Your goal: Nothing but the text of the records belongs in your answer: repeat all of it exactly and leave out the images.

════════════════

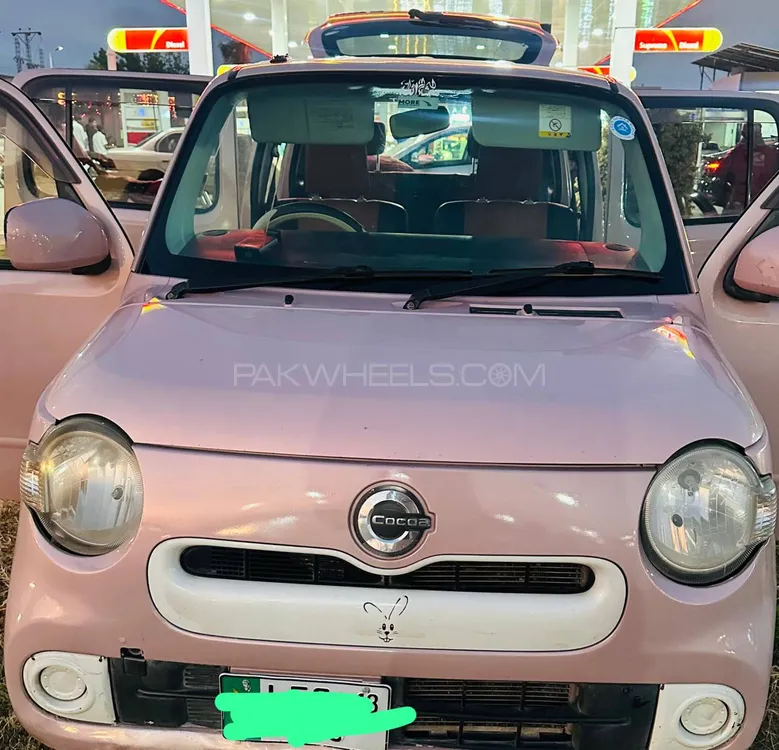 Daihatsu Mira Cocoa 2014 for Sale in Islamabad Image-1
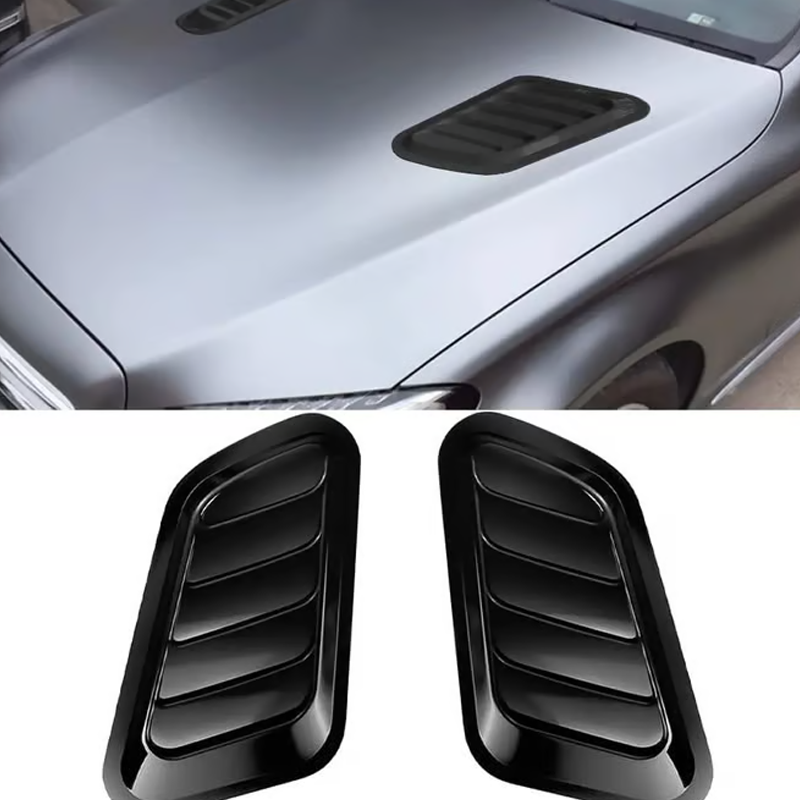 🚗 Universal Hood Scoop – Carbon Fiber Look  💨✨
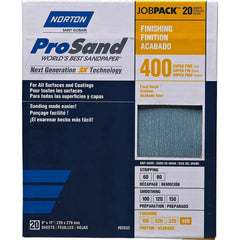 Norton - Sanding Sheets Abrasive Material: Aluminum Oxide Grade: Super Fine - Industrial Tool & Supply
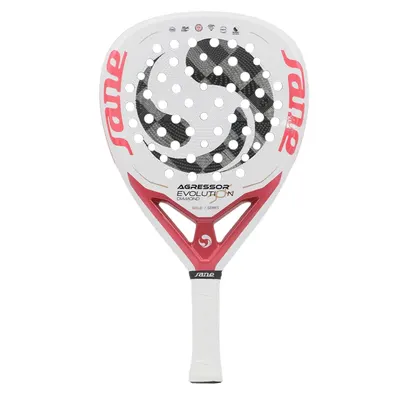Rachetă de padel Sane Agressor Evolution Diamond Gold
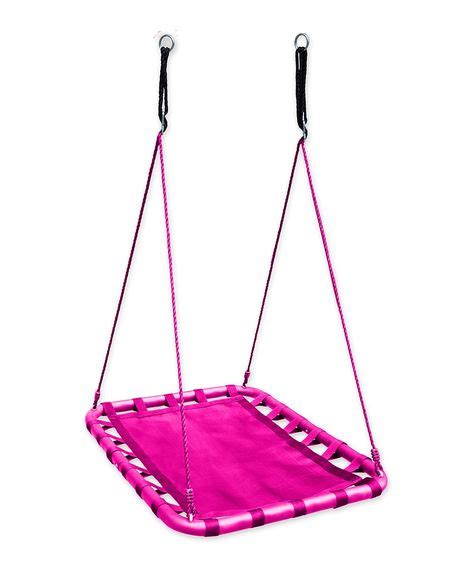 Take A Look At This Pink Rectangle Platform Swing Today Platform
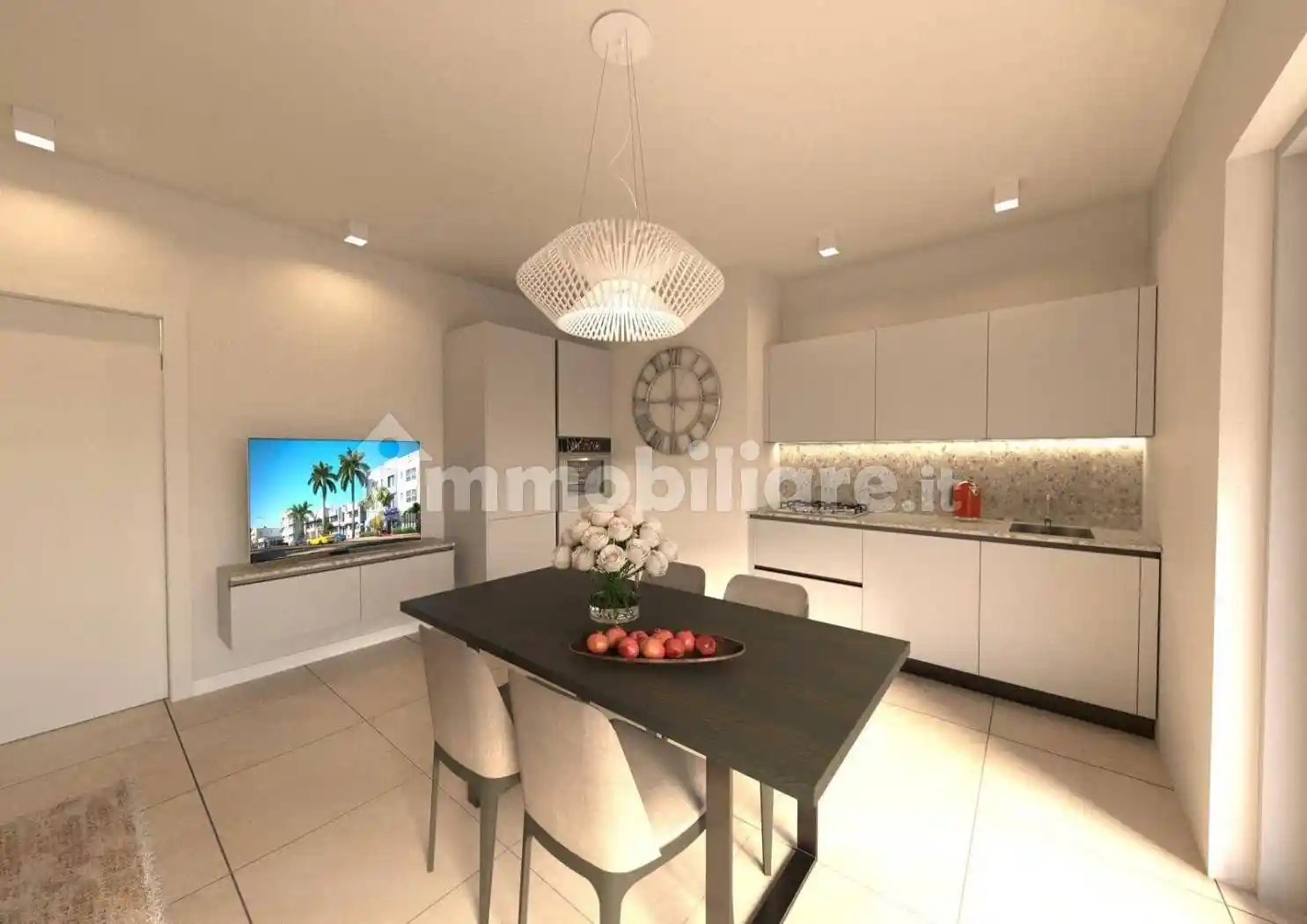 Trilocale via Provinciale, Centro, Castione della Presolana - foto 2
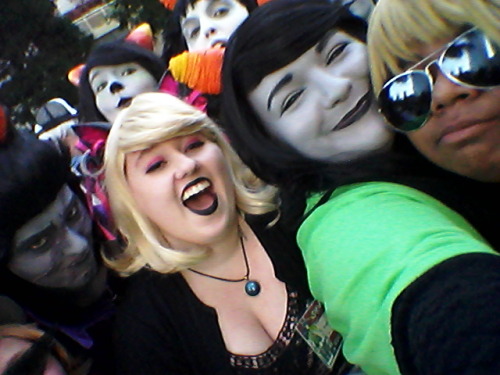 scarletzurie:Sakuracon!!!! Feel free to message me if you’re in any of these. Roxy- jadebloodedgreas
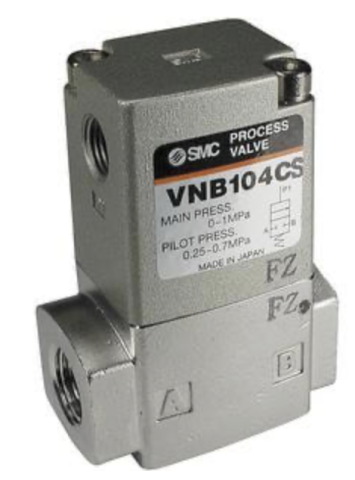 SOLENOID - SMC - EVNB102B-F8A, SOLENOID VALVE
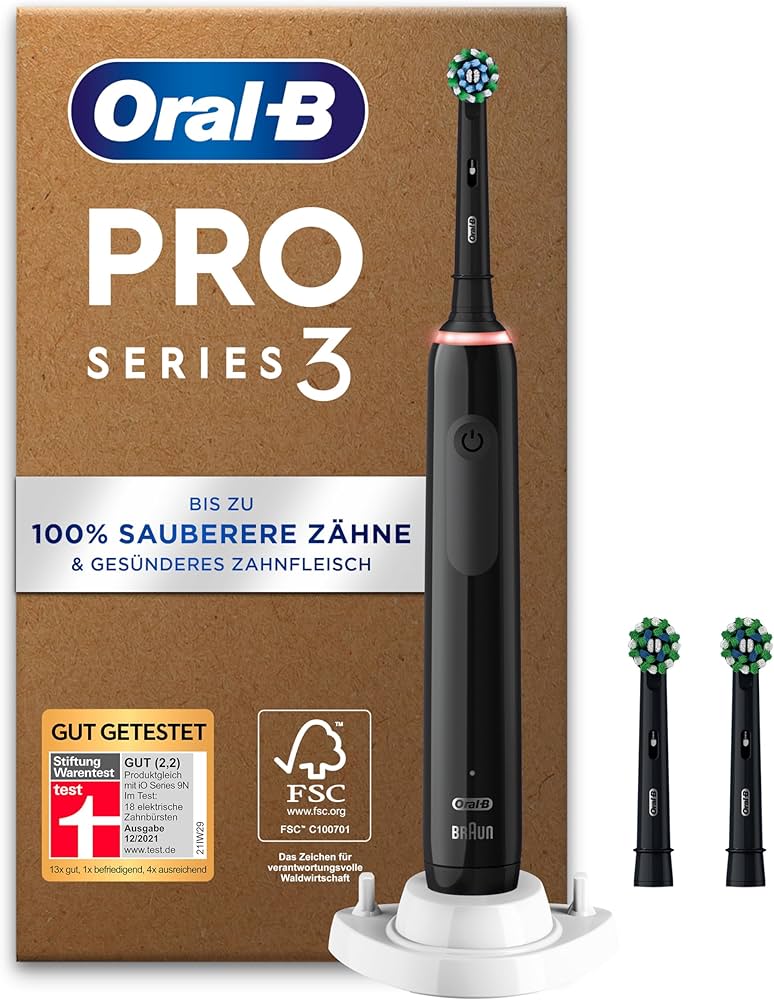 oral-b pro series 3 plus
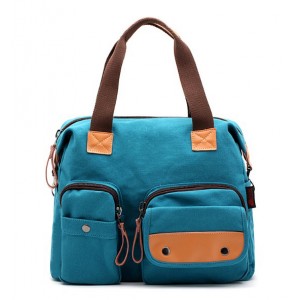 blue Over the shoulder bag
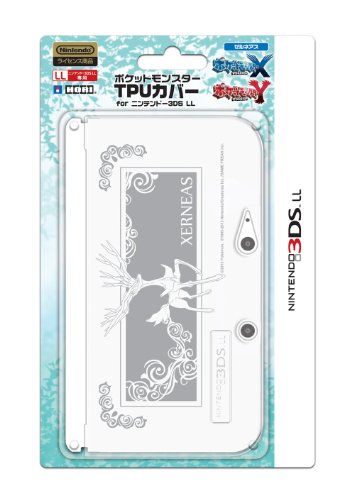 「未使用品」ポケットモンスター TPUカバー for ニンテンドー 3DS LL ゼルネアス(中古品)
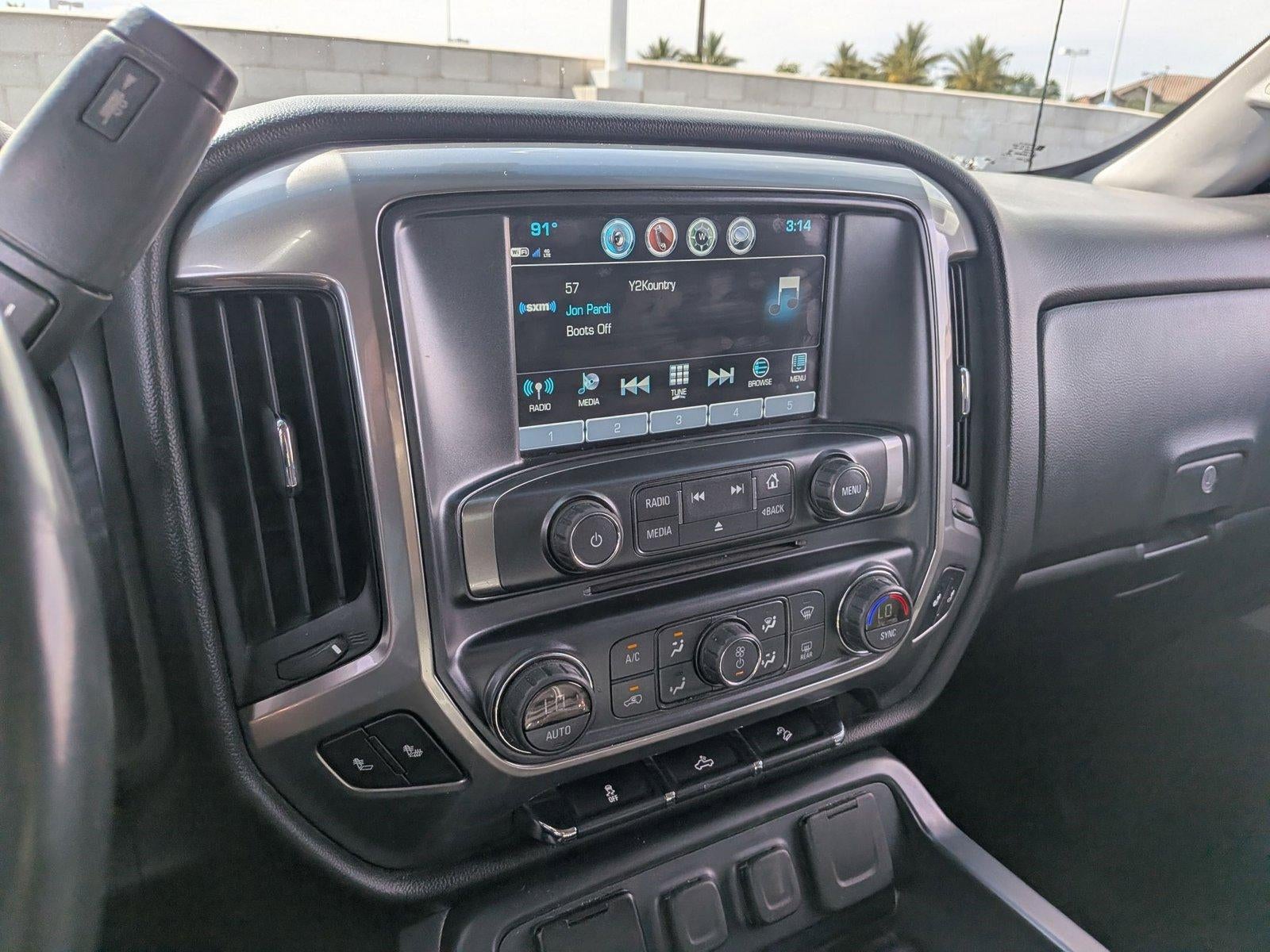2018 Chevrolet Silverado 1500 LT
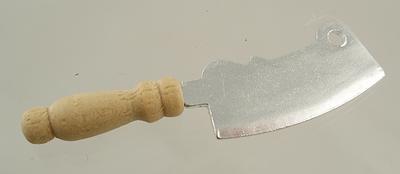 1:12 Scale Miniature Meat Cleaver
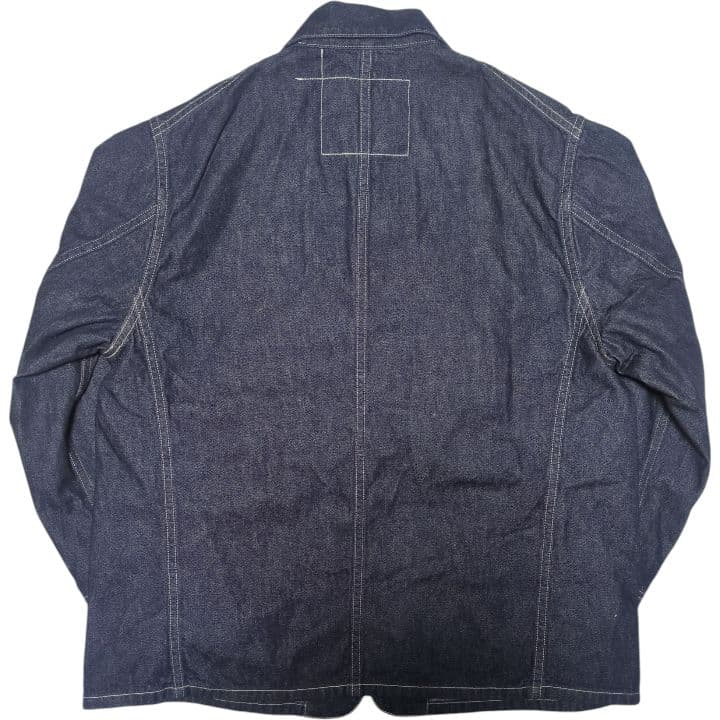 Workers ワーカーズ SUPER BIG CAT デニムカバーオール 38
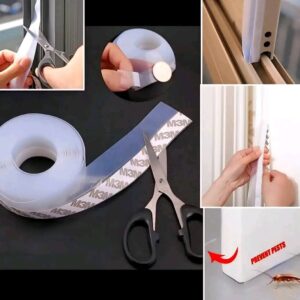 شريط السيليكون العازل الشفاف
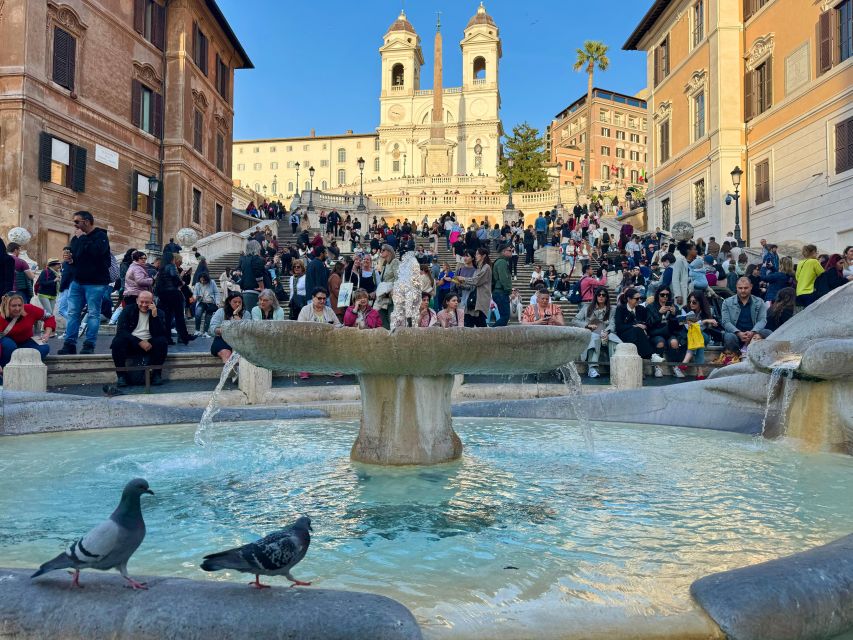 Rome Squares and Fountains Tour & River Boat Hop On Hop Off - Piazza Navona and the Four Rivers: where baroque theater becomes reality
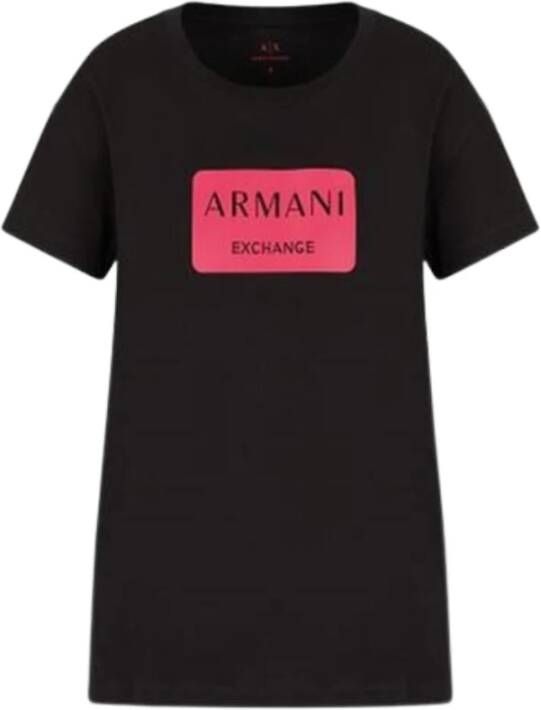 Armani T-Shirts Zwart Dames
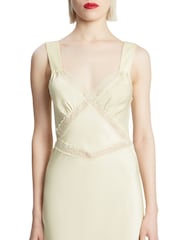 Bardot Yellow Emory Lace Slip Dress - Image 4 of 5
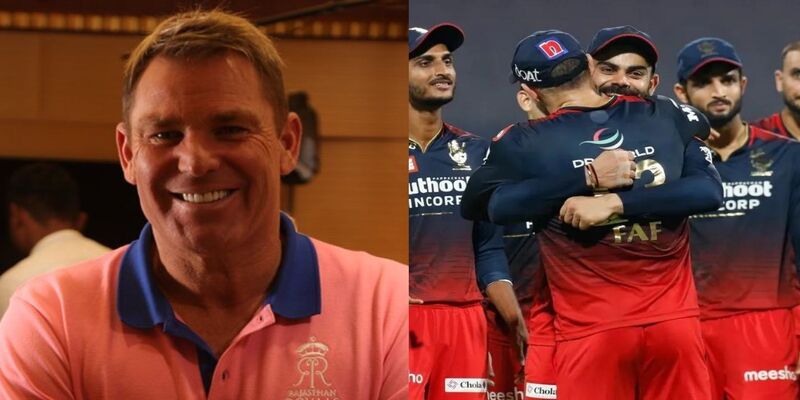 "Shane Warne Is Smiling On You" - RCB's special gesture won hearts after loss in Qualifier 2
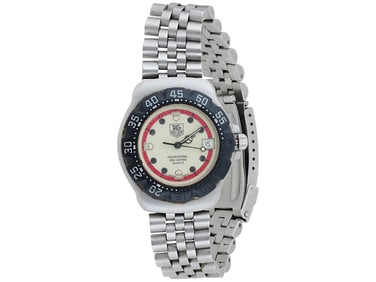 VINTAGE SWISS TAG HEUER FORMULA 1 QUARTZ WRIST WATCH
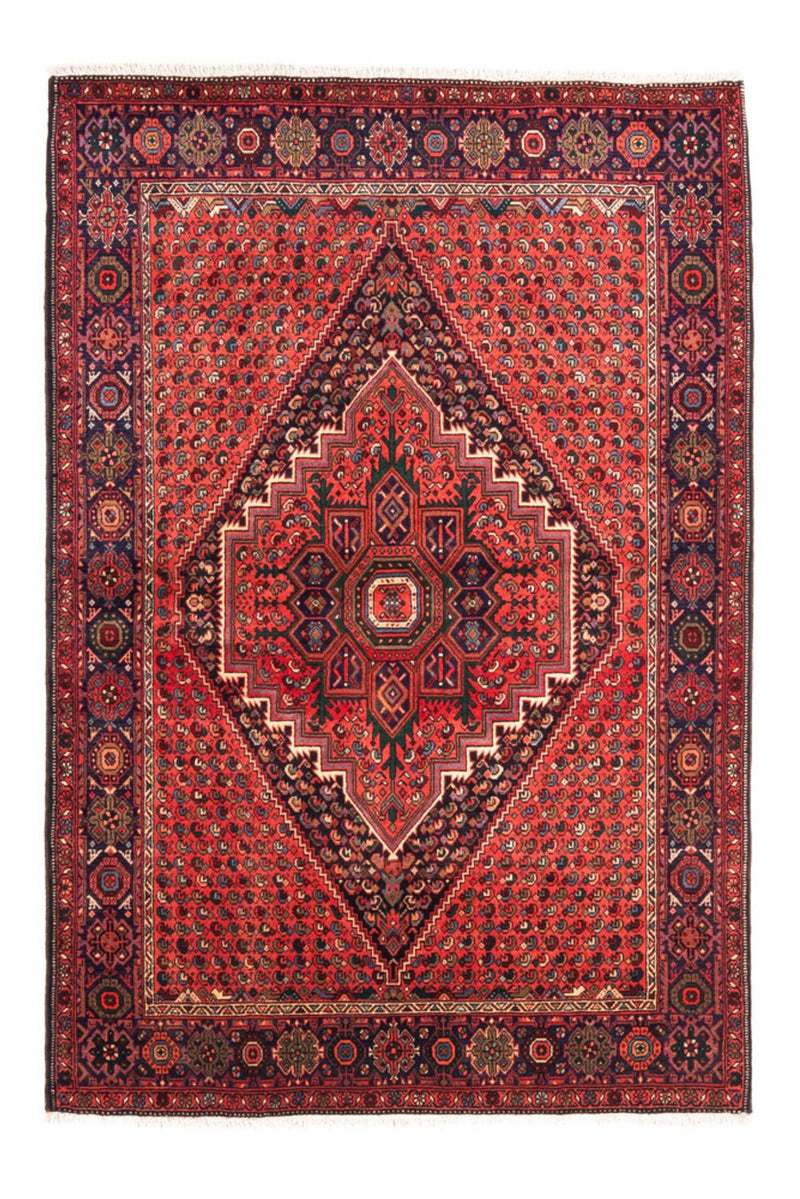 Perser Rug - Nomadic - 148 x 100 cm - red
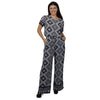 Conjunto Blusa e Pantalona BIXUGRILLO estampada Quadriculado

════════════════

Task solution:
 Daihatsu Mira Cocoa 2014 for Sale in Islamabad Image-1
 🚗 Universal Hood Scoop – Carbon Fiber Look  💨✨
 Norton - Sanding Sheets Abrasive Material: Aluminum Oxide Grade: Super Fine - Industrial Tool & Supply
Rachetă de padel Sane Agressor Evolution Diamond Gold
 Take A Look At This Pink Rectangle Platform Swing Today Platform
 Trilocale via Provinciale, Centro, Castione della Presolana - foto 2
 scarletzurie:Sakuracon!!!! Feel free to message me if you’re in any of these. Roxy- jadebloodedgreas
 SOLENOID - SMC - EVNB102B-F8A, SOLENOID VALVE
 oral-b pro series 3 plus
 blue Over the shoulder bag
 「未使用品」ポケットモンスター TPUカバー for ニンテンドー 3DS LL ゼルネアス(中古品)
2018 Chevrolet Silverado 1500 LT
 1:12 Scale Miniature Meat Cleaver
 Workers ワーカーズ SUPER BIG CAT デニムカバーオール 38
 شريط السيليكون العازل الشفاف
 Rome Squares and Fountains Tour & River Boat Hop On Hop Off - Piazza Navona and the Four Rivers: where baroque theater becomes reality
 Armani T-Shirts Zwart Dames
 Bardot Yellow Emory Lace Slip Dress - Image 4 of 5
 "Shane Warne Is Smiling On You" - RCB's special gesture won hearts after loss in Qualifier 2
 VINTAGE SWISS TAG HEUER FORMULA 1 QUARTZ WRIST WATCH
 Perser Rug - Nomadic - 148 x 100 cm - red
 Conjunto Blusa e Pantalona BIXUGRILLO estampada Quadriculado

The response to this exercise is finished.